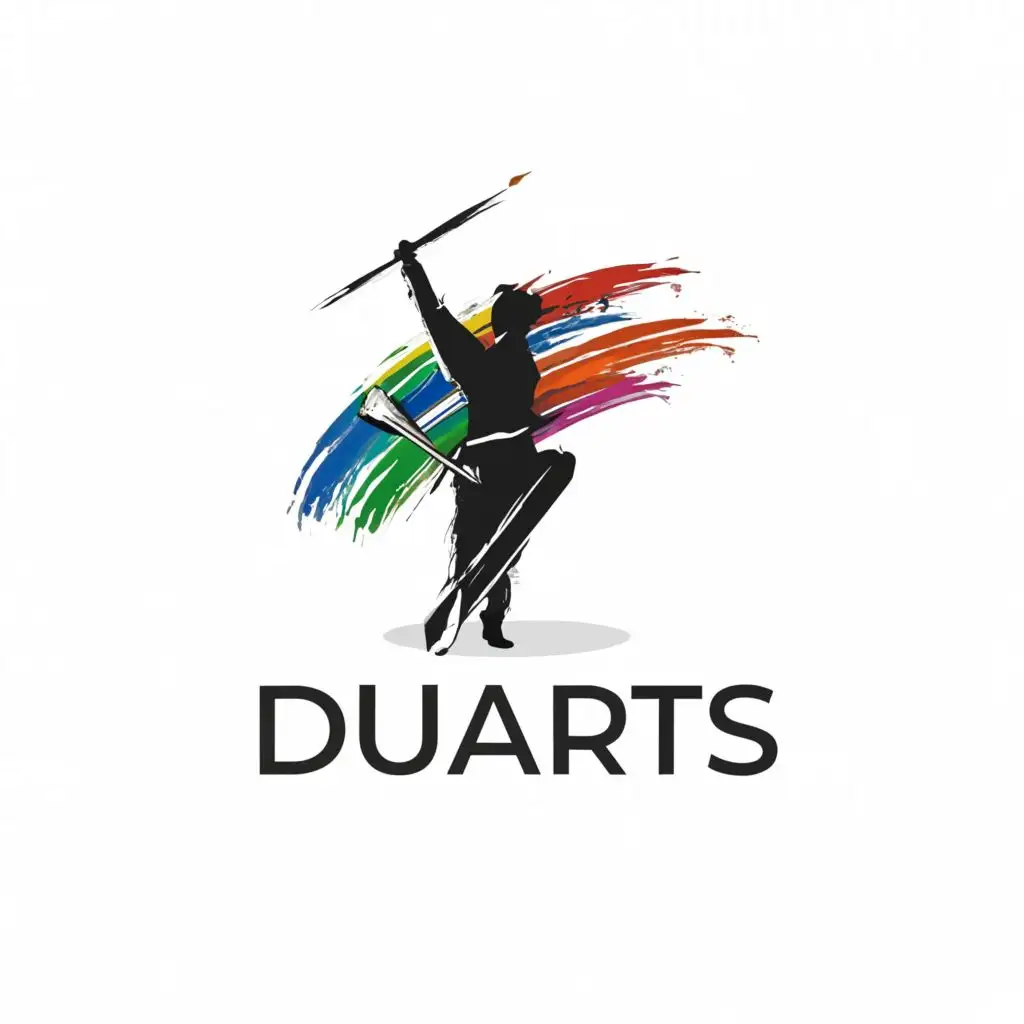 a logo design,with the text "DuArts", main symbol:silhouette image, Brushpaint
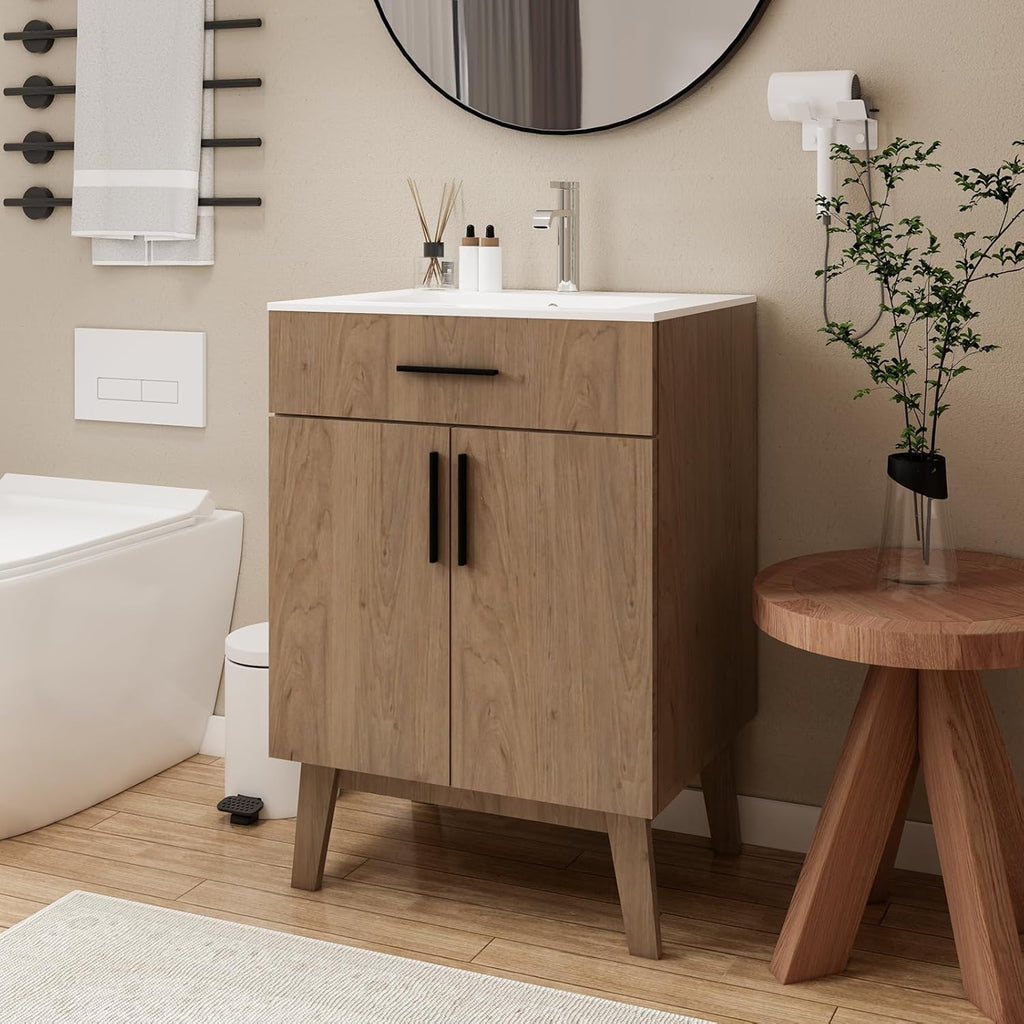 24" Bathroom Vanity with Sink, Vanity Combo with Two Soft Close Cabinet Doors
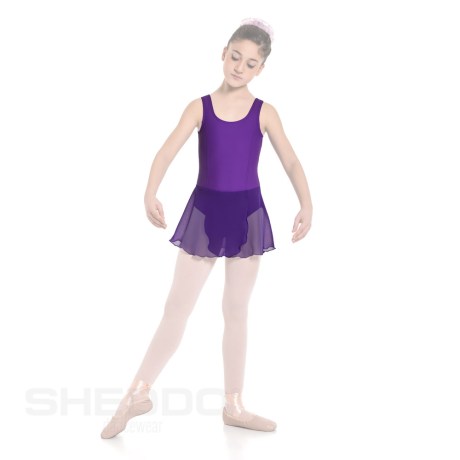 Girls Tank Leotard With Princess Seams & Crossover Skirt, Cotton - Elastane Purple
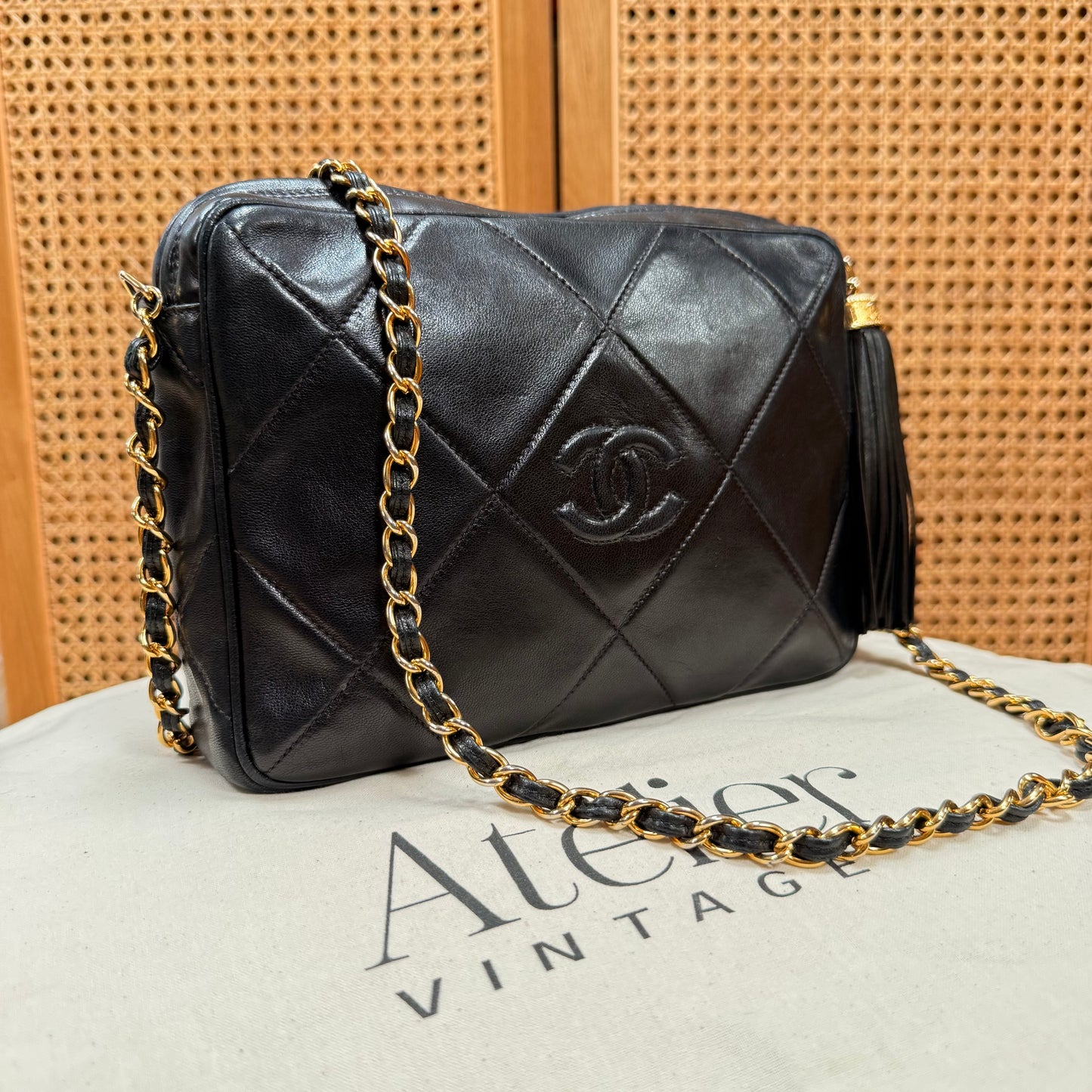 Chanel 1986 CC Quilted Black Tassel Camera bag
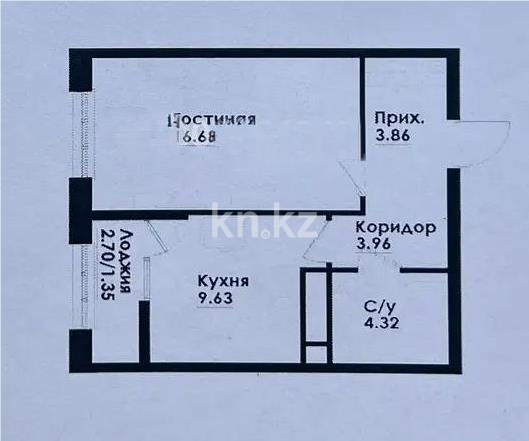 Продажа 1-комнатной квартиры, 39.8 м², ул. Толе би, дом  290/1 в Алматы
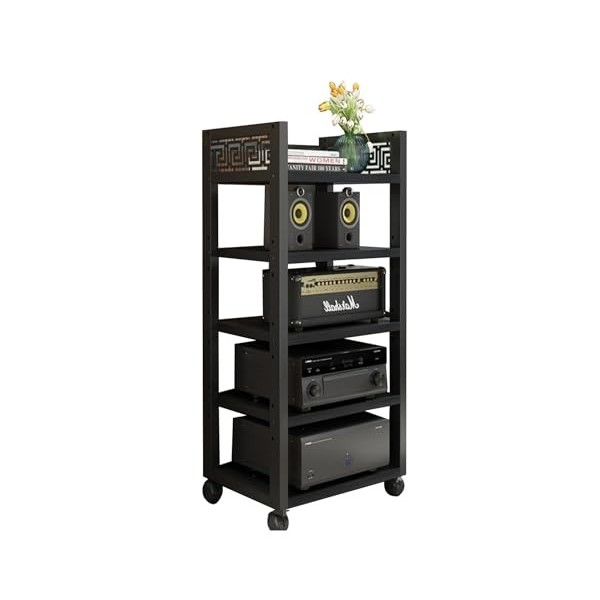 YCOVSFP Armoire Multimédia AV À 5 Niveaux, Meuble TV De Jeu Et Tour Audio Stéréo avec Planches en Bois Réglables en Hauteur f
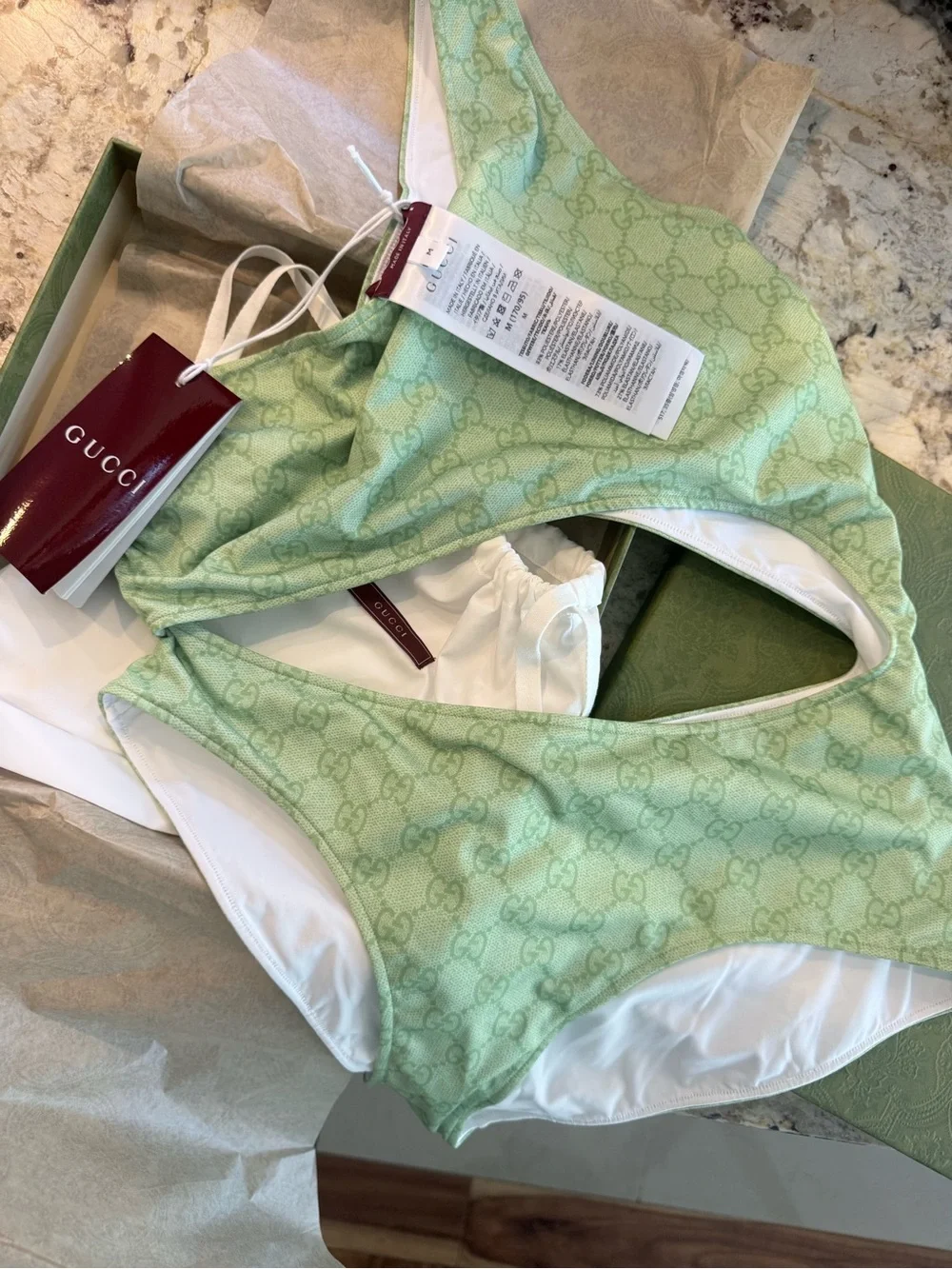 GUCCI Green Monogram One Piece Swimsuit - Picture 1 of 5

◆ **Work to complete**
Skip the pictures. Write out exactly the lines from the one with "YCOVSFP Armoire Multimédia" through the last line of the listing, both ends included, and nothing more.

◆ **Response box**
 YCOVSFP Armoire Multimédia AV À 5 Niveaux, Meuble TV De Jeu Et Tour Audio Stéréo avec Planches en Bois Réglables en Hauteur f
 GUCCI Green Monogram One Piece Swimsuit - Picture 1 of 5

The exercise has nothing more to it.